他原本以为雷浮潮是自己的盟友,还想确认一下生面孔中兼任副导演的雷浮潮认得几个,结果还没开口发问,就看出他们似乎大部分认得雷浮潮了。
他们一个个端着酒杯缓步晃近,和雷浮潮寒暄握手,报以祝福,再冲他绽开灿烂而不失鼓励的笑容。
萧凭:“……”
诚然雷浮潮人缘好,但他真的不相信这是巧合。
萧凭一头雾水地横了一眼雷浮潮。
雷浮潮扬着眉头也横了他一眼,眉眼间有压抑不住的暗暗得意。
一下子,萧凭好像明白过来了什么,连忙四处转头去瞧为人最严肃的陈星,最终捉住陈星待在场记身边,表情七分哭笑不得三分好奇,也在朝他们这边瞧。
萧凭心跳如鼓,拉着雷浮潮转了个身,也洋洋得意地小声提问:“放烟花,你怎么不上天台啊?”
雷浮潮只还了他微微一笑。
猜测得到了变相的确认,萧凭犹还不甘心,搁下酒杯一阵风重新跑回了楼下,迈出饭店的大门十一二步,回头观察。
他没猜错。
饭店门外的巨大led屏上燃烧的光字写的是:“二楼:《瓦碎》剧组杀青宴;新郎雷浮潮,新郎萧凭,游客喜酒。

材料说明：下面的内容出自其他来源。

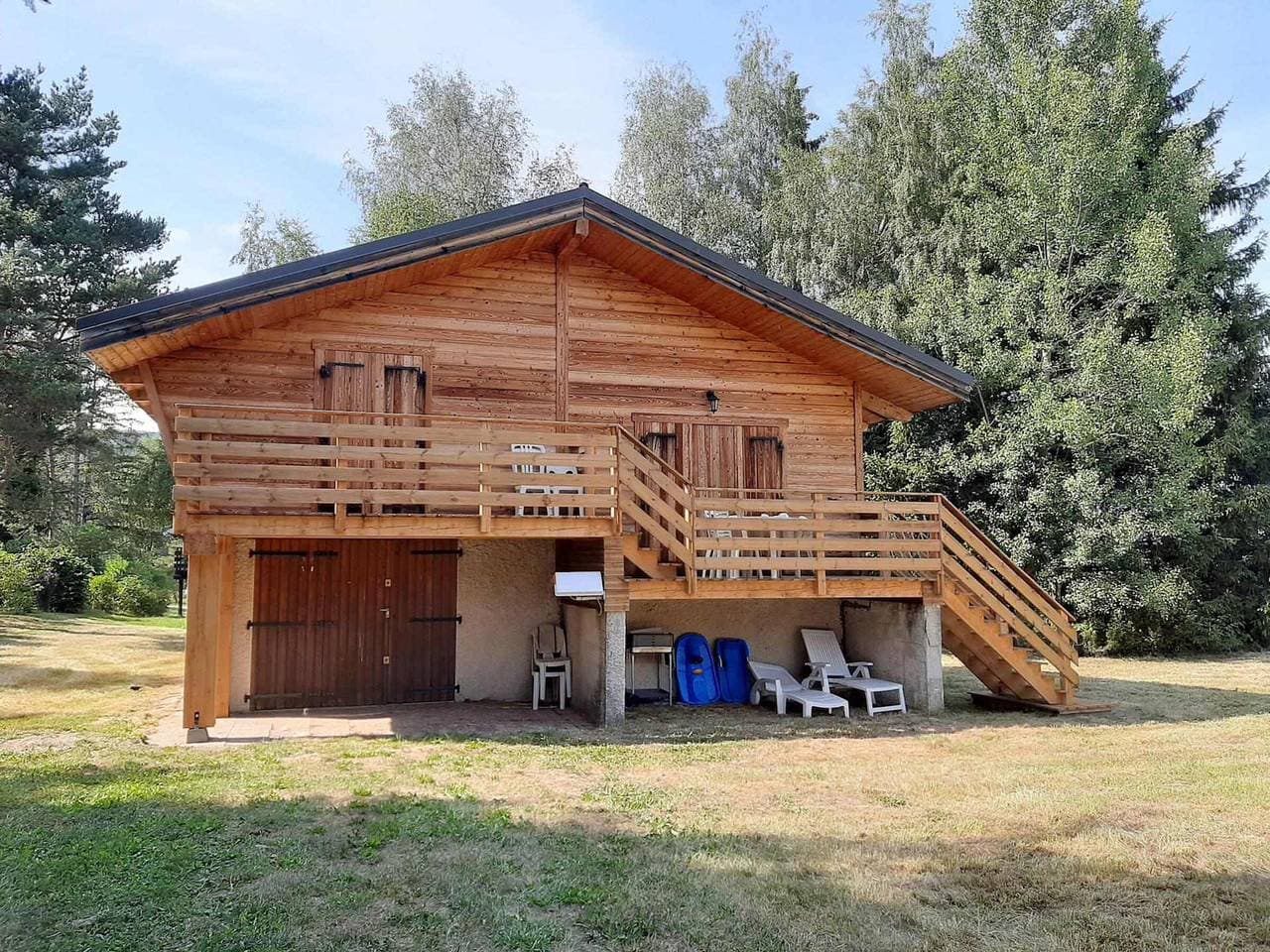 Geräumiges Chalet mit großem Park in Lans-en-Vercors 1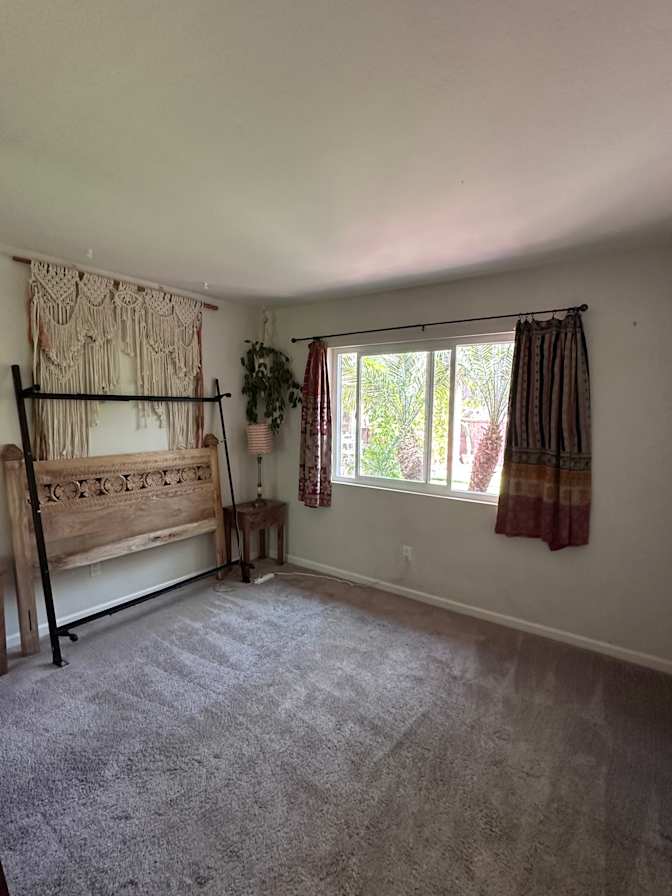 Kelly's room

”
靠。
萧凭震撼得哑口无言。
明明他们整个剧组来到饭店前的时候,led屏上还没有后面这行字。
雷浮潮简直是不疯则已,一疯冲天。这他妈能没有生面孔吗?恐怕整个影视城里凡是有空闲、听过雷浮潮大名有心结交他的人统统都会来,不管是演员、剧务、导演还是经纪人。